После обеда мы немного повалялись в саду, в некошеной травке под сенью развесистой яблони. Где-то через час перед глазами возник Евгений, отправленный нами на боевое задание. В руке он держал лист бумаги и радостно сообщил:
– Вот, Елизавета, как велела. Паспортные данные. Хозяйка, Анна то исть, по моей просьбе все как есть зафиксировала.
Я взяла листок из его рук и прочитала:
– «Солодкин Эдуард Митрофанович, тридцать два года, местный».

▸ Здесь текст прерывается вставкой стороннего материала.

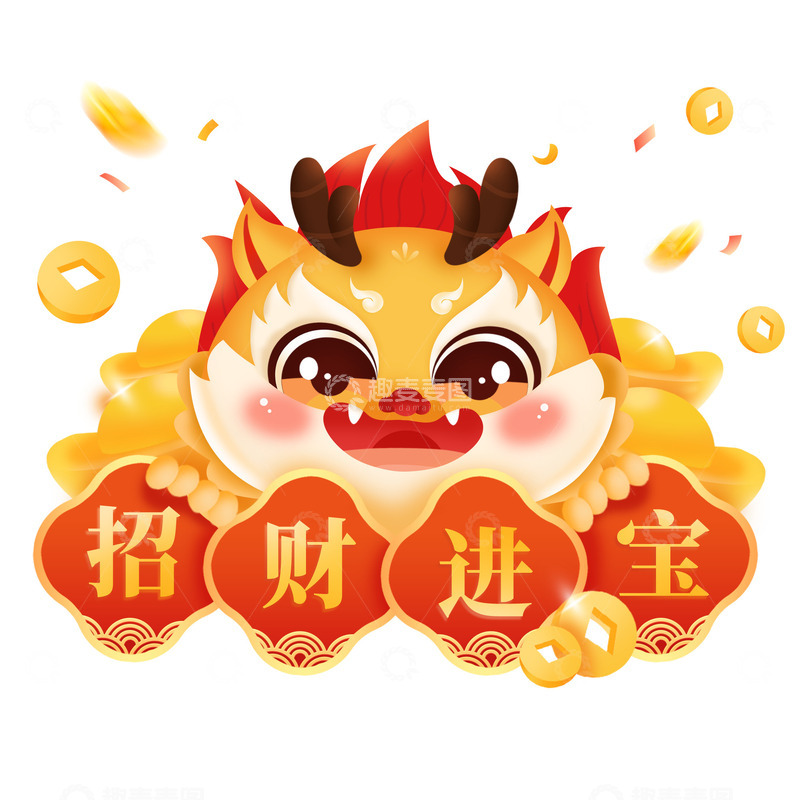 源文件下载【趣麦麦图】红色喜庆中国风新春龙年元宝电商装饰元素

Номер квартиры предполагал проживание в многоэтажке, где-то в районе новостроек. Евгений подтвердил, что улица Бердяева находится в юго-западном районе, или попросту в Марьине. Новое название микрорайона в народе не прижилось, а старое шло от большого села Марьино, что в начале века располагалось километрах в двадцати от губернского центра, а теперь оказалось в черте города.

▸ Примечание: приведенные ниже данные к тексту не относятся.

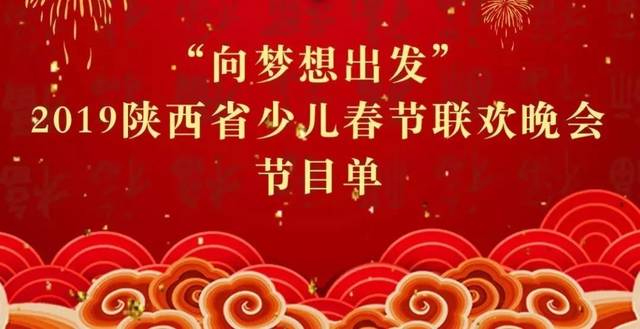 2019少儿春晚节目单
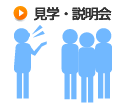 見学・説明会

– Ну и что это нам дает? – лениво спросила Мышильда.
– Еще не знаю, но что-то, безусловно, даст.
Я выразила хозяину благодарность, и он нас покинул, а я направилась к забору. Забор отделял сад, в котором мы находились, от заветного пустыря. Выдернув пару гнилых досок, я пролезла в образовавшуюся дыру и пристроилась в кустах смородины. Правда, сначала пришлось вернуться в дом и снова облачиться в спортивный костюм – крапива доставала мне до груди. Мышильда, не выдержав, вскоре присоединилась ко мне, мы потомились минут пятнадцать в смородине и наконец увидели соседского жильца Эдика. Озираясь по сторонам, он ходко пробирался по тропинке к нашему дому, то есть к нашей крапиве. В руках у него были карта, компас, общая тетрадь и авторучка.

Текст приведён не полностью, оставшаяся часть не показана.